The strike that brought South Africa’s gold mining industry to its knees when 80,000 workers walked off the job last week has ended with mine workers accepting an 8% pay increase. The stoppage at 16 of 23 mines at sub-Saharan Africa’s No. 1 gold mining nation cost its industry $35 million per day, according to government figures.

“The majority have accepted the offer,” said Frans Baleni, general secretary of the National Union of Mineworkers (NUM), which ordered last Tuesday’s peaceful strike and represents 64% of the country’s 120,000 gold miners, according to South African media reports.

Initially NUM officials rejected the 6.5% increase forwarded by the Chamber of Mines, which represents top gold miners such as Harmony Gold, Sibanye Gold, AngloGold Ashanti and Gold Fields.

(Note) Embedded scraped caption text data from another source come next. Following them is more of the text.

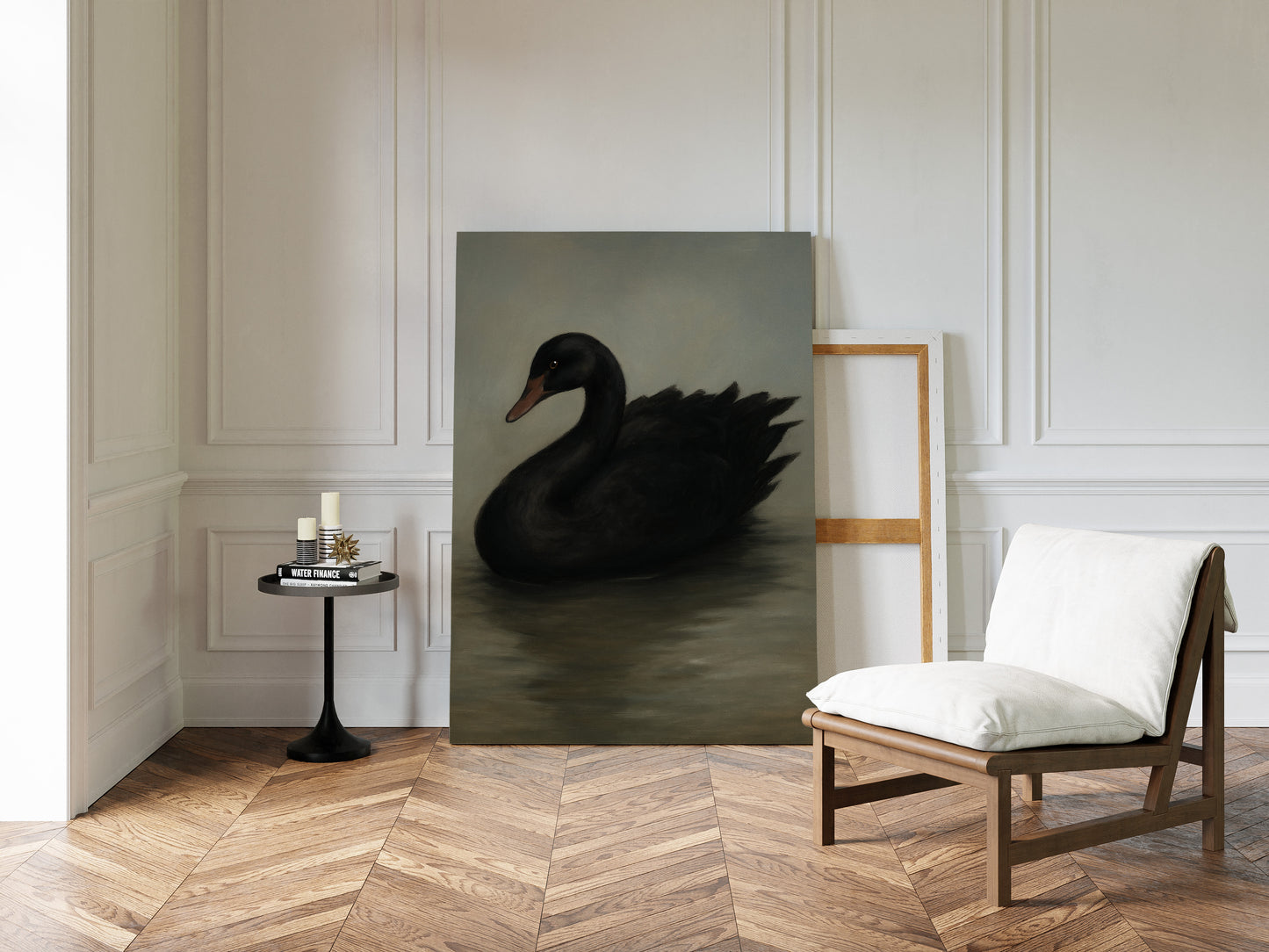 Black Swan on Still Water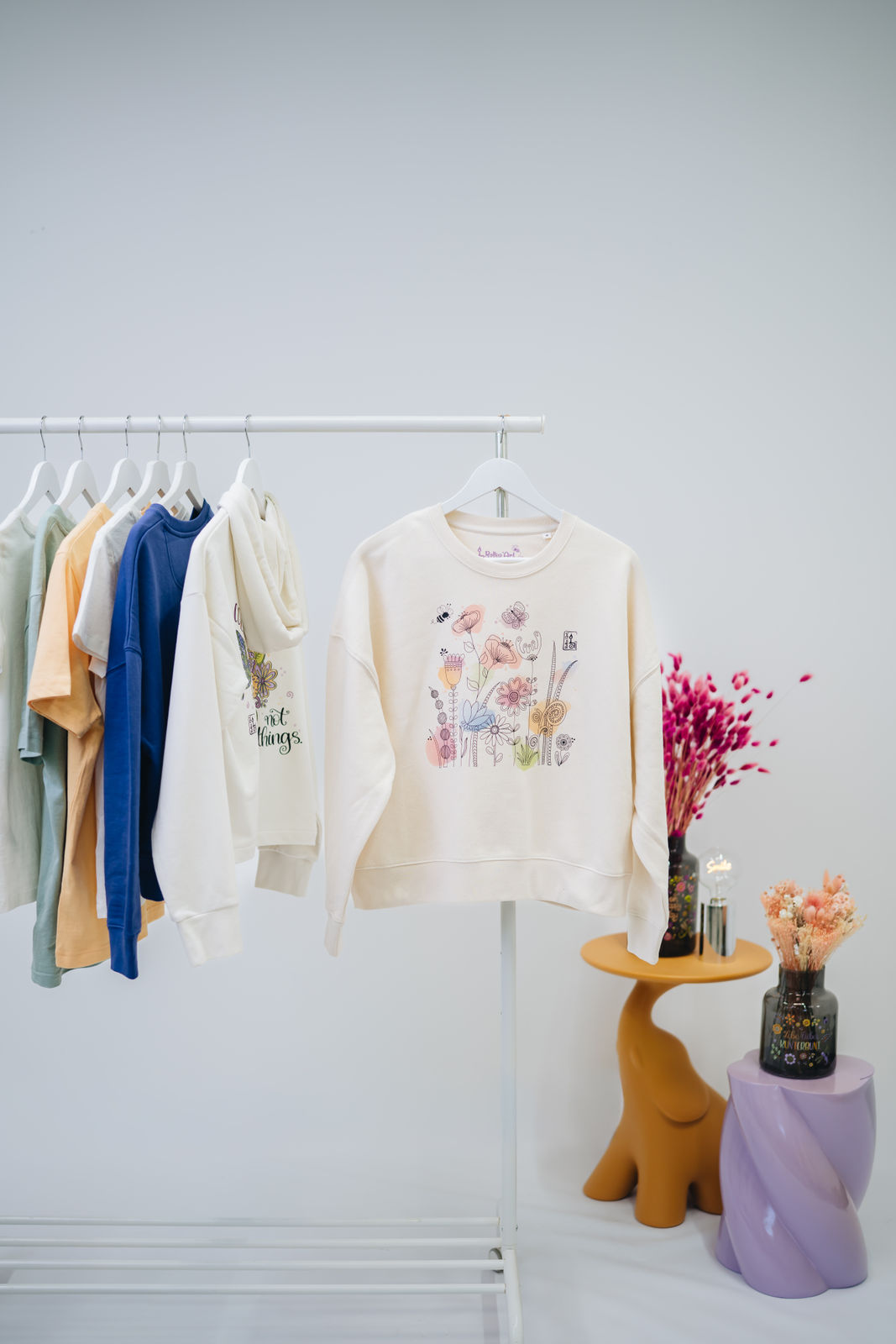 Damen Sweatshirt „Blumenwiese"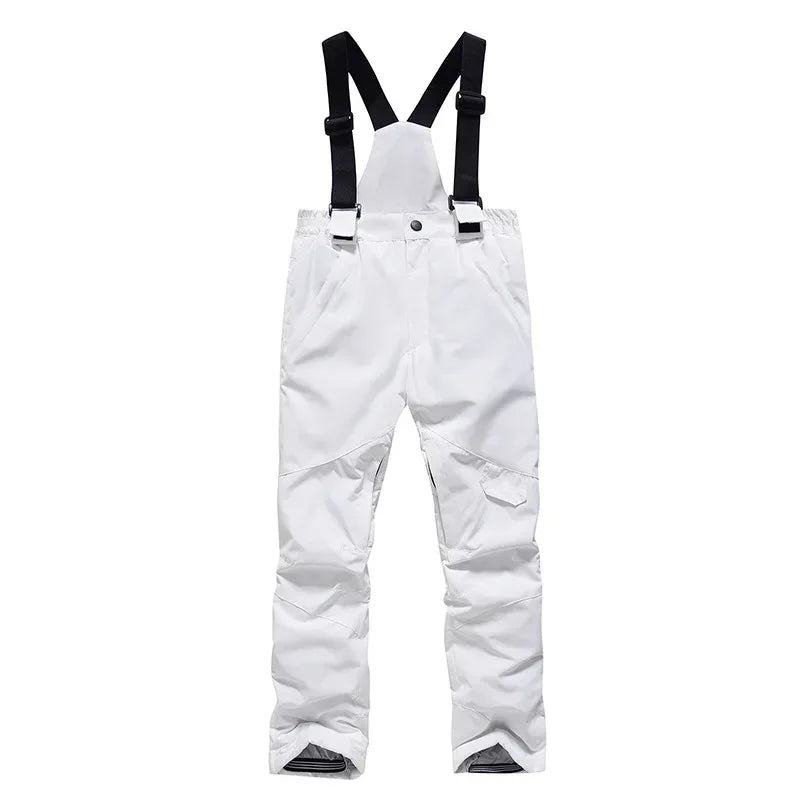 Kids Ski Pants Waterproof Warm Bibs For Winter Snowboarding - ToylandEU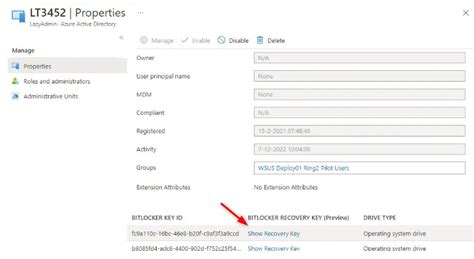 Image result for Where to Find BitLocker Key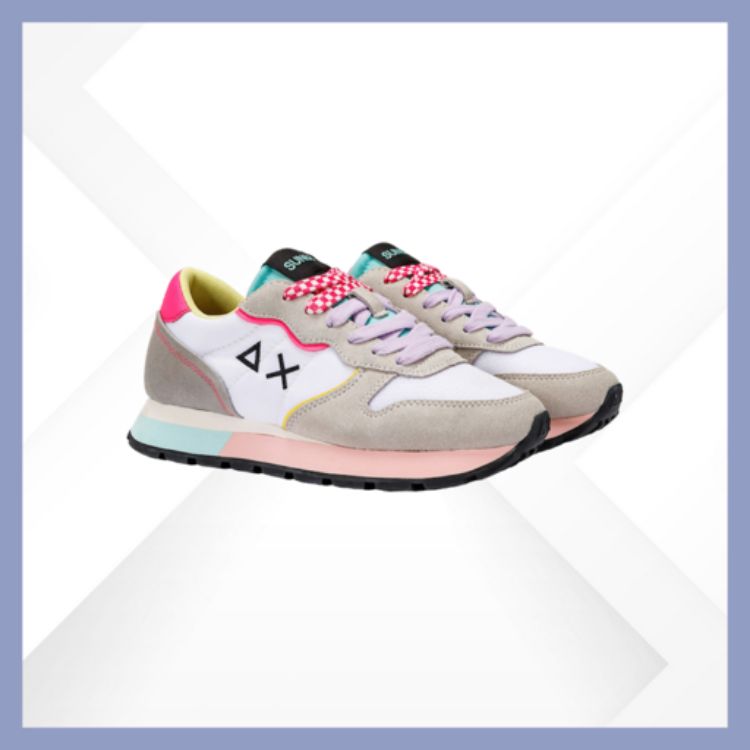 Immagine di SUN68 SNEAKER DONNA ALLY COLOR EXPLOSION BIANCO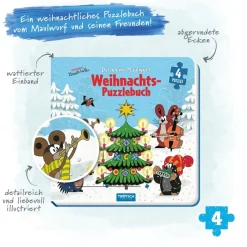 Trötsch Verlag Toys|Puzzle Book For Christmas "The Little Mole"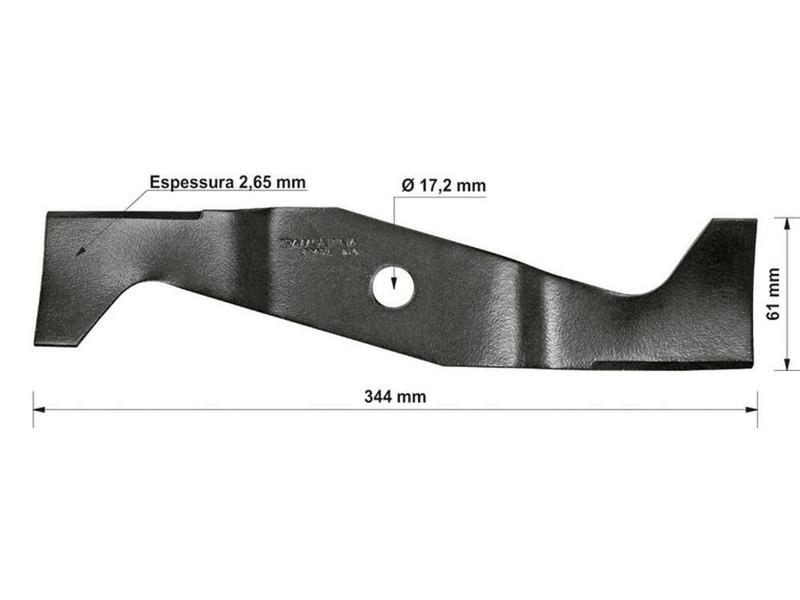 Imagem de Lamina de corte em aco 2.65 x 350mm para cortadores de grama ce35p ce35m e ce35m2 tramontina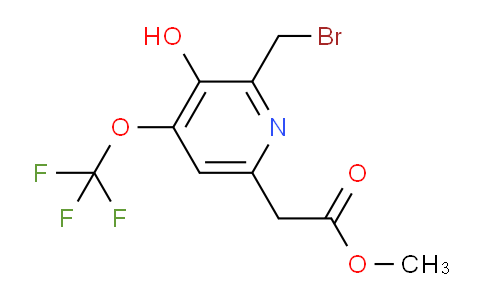 AM159338 | 1804837-37-3 | Methyl 2-(bromomethyl)-3-hydroxy-4-(trifluoromethoxy)pyridine-6-acetate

The final agreement, said NUM reps, included inflation-linked increases from Q3 2014 and a 30% housing allowance increase.

Elize Strydom, the chamber’s chief negotiator said the agreement “helped us prevent a longer period of damaging industrial action” and was a “reasonably balanced outcome in affordability and jobs preservation.”

Harmony Gold Chief Executive Graham Briggs said the workers’ and industry’s “long-term industrial relations stability” was a priority, according to Agence France-Presse, adding that “continued industrial action will make this increase unaffordable, and place the future viability of some of our operations under threat; this, in turn, could have an impact on jobs.”

These legal strikes contrasted with the illegal stoppages that brought turmoil to Africa’s biggest economy—and the top platinum producer—in 2012.